» Brief
Using the listing below, give again exactly the lines from the line with "longhair online show from 09-21-25, 02:24" to the line with "Radiator Support - GM1225308 pa1", inclusive, without the pictures.

» Given data
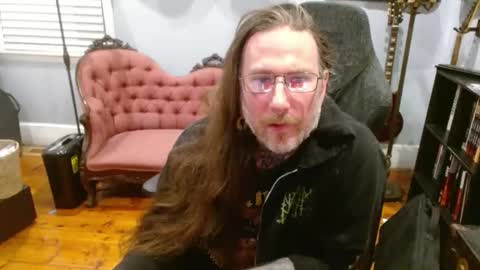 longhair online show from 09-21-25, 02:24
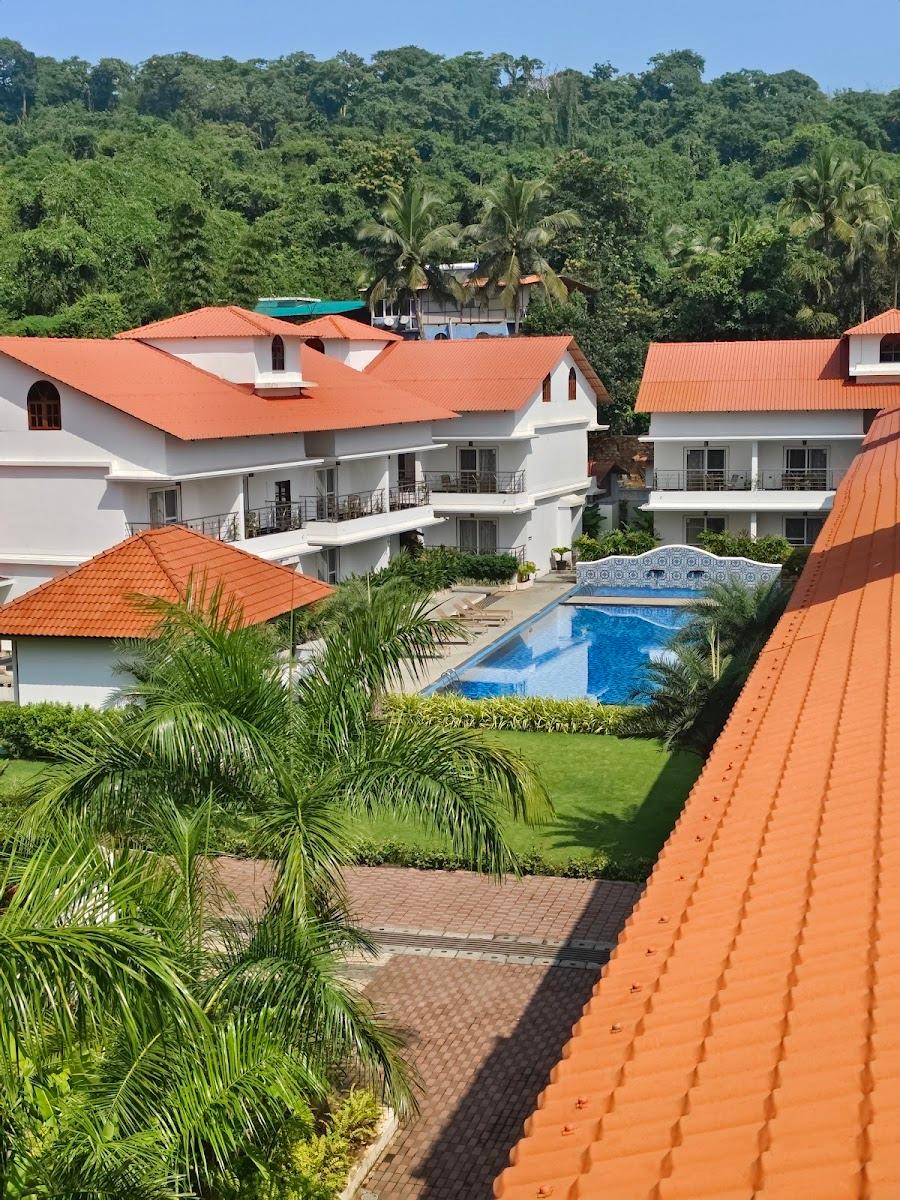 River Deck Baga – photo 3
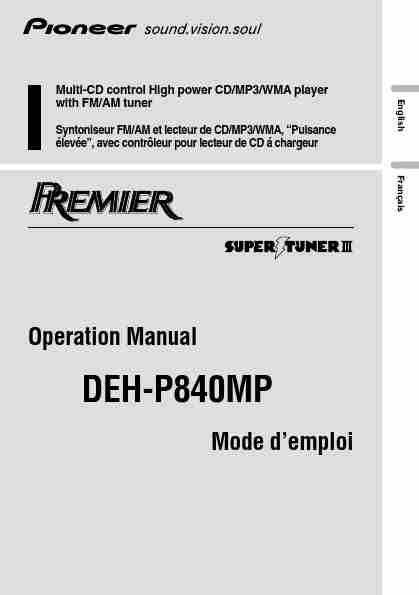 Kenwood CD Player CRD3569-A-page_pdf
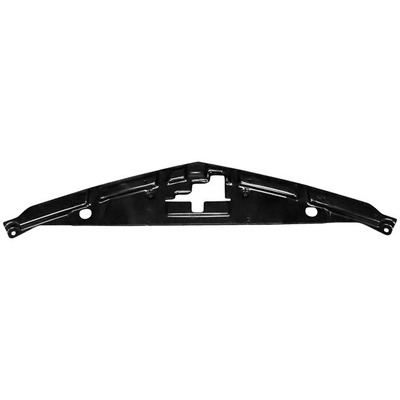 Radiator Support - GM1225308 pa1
...
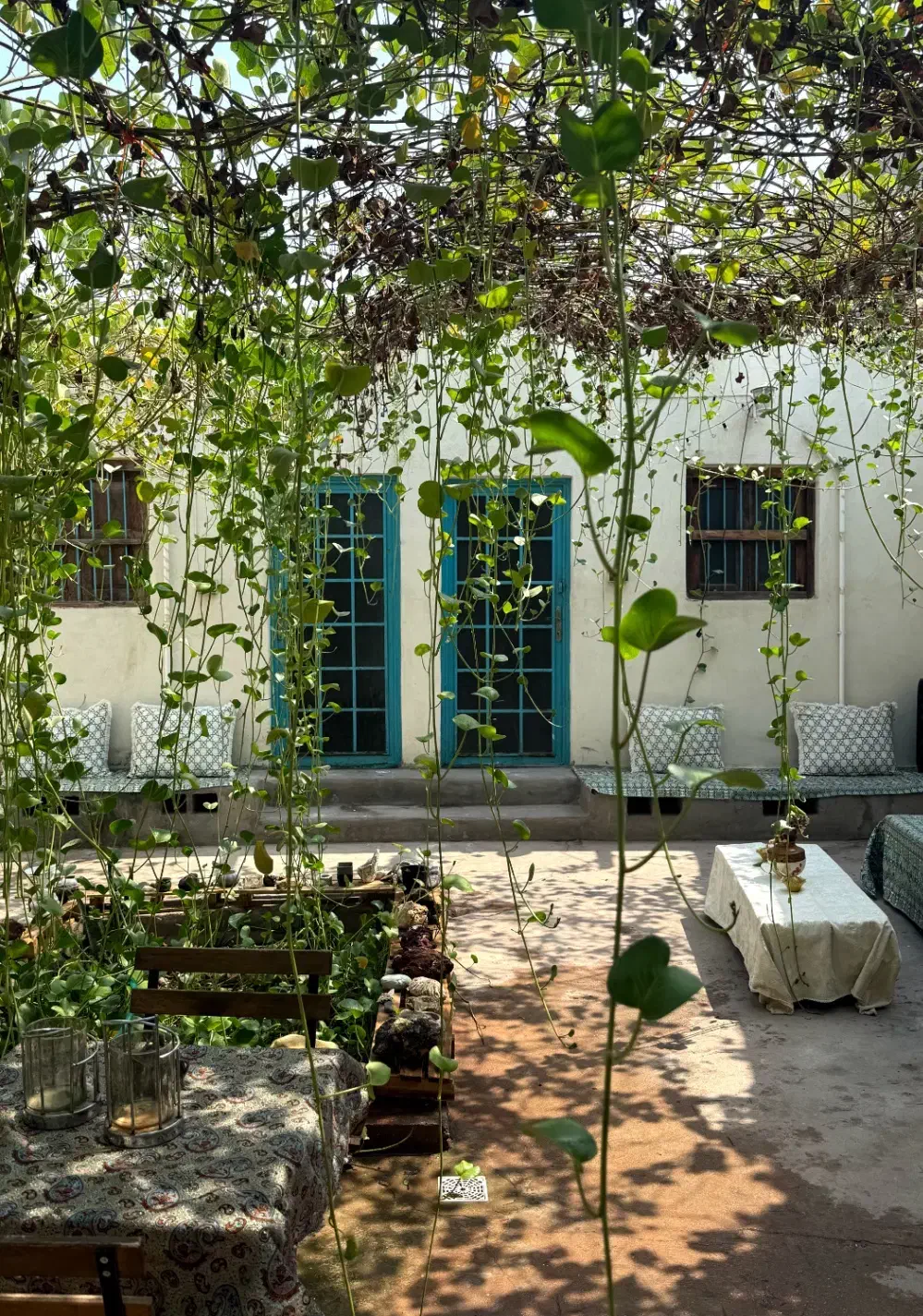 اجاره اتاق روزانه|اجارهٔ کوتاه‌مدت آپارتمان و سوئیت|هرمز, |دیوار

» Task output
 longhair online show from 09-21-25, 02:24
 River Deck Baga – photo 3
 Kenwood CD Player CRD3569-A-page_pdf
 Radiator Support - GM1225308 pa1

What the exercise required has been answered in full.